---------- Task material ----------
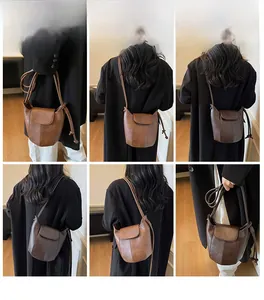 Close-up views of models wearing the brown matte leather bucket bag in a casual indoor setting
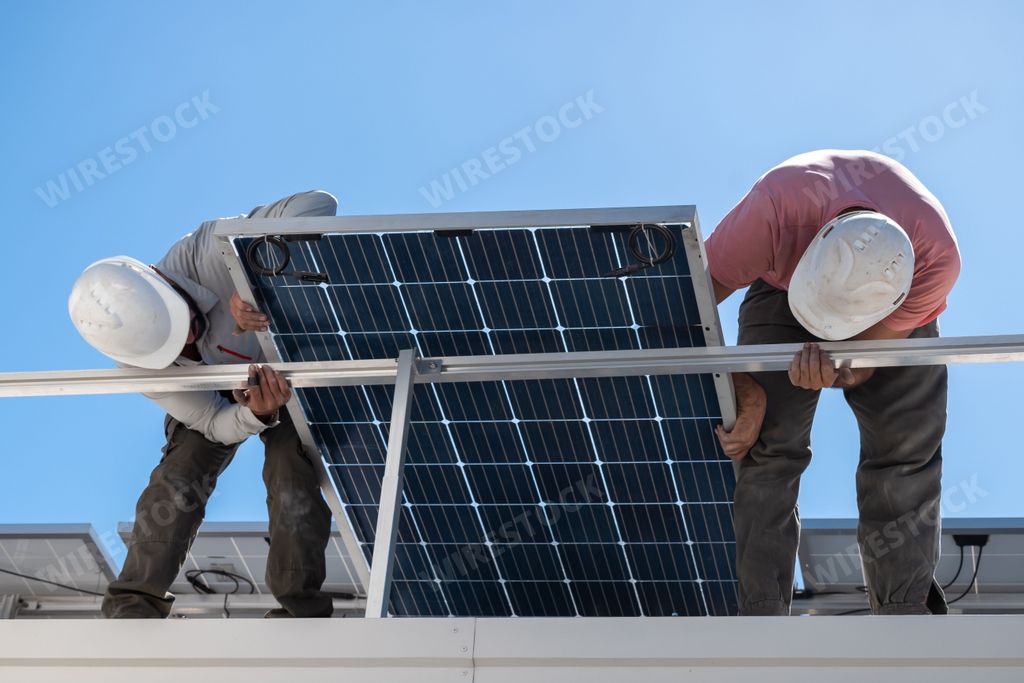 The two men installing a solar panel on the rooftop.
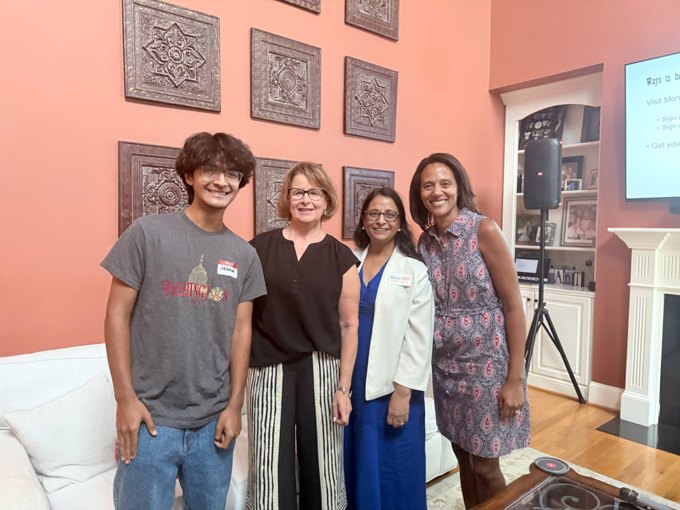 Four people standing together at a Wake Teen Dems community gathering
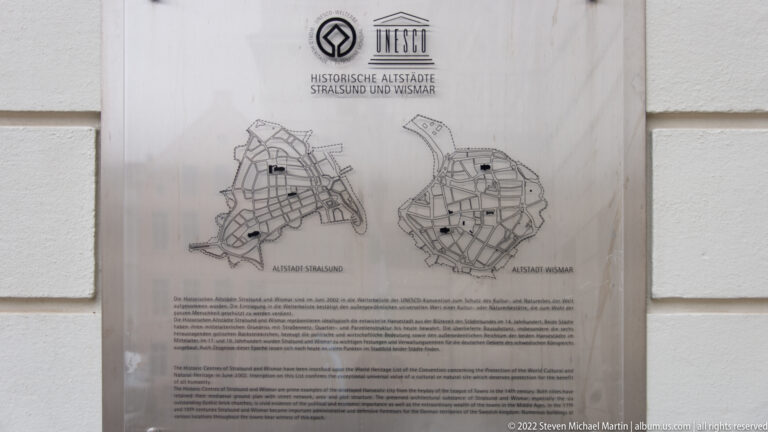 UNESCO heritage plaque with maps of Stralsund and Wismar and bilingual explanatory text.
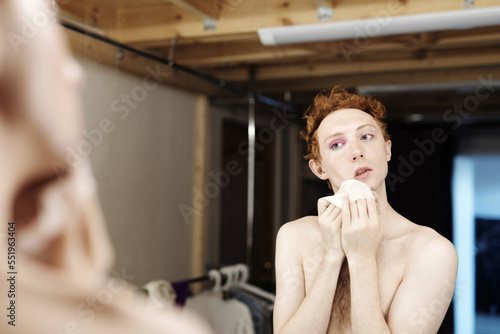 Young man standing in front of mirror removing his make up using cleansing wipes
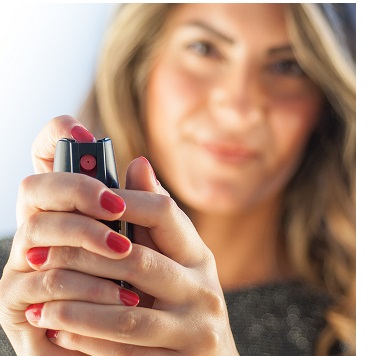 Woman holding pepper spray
----------
> _Your assignment_: Verbatim output of the entries is required, with each image left out.

> _Solved problem_:
 Close-up views of models wearing the brown matte leather bucket bag in a casual indoor setting
 The two men installing a solar panel on the rooftop.
 Four people standing together at a Wake Teen Dems community gathering
 UNESCO heritage plaque with maps of Stralsund and Wismar and bilingual explanatory text.
 Young man standing in front of mirror removing his make up using cleansing wipes
 Woman holding pepper spray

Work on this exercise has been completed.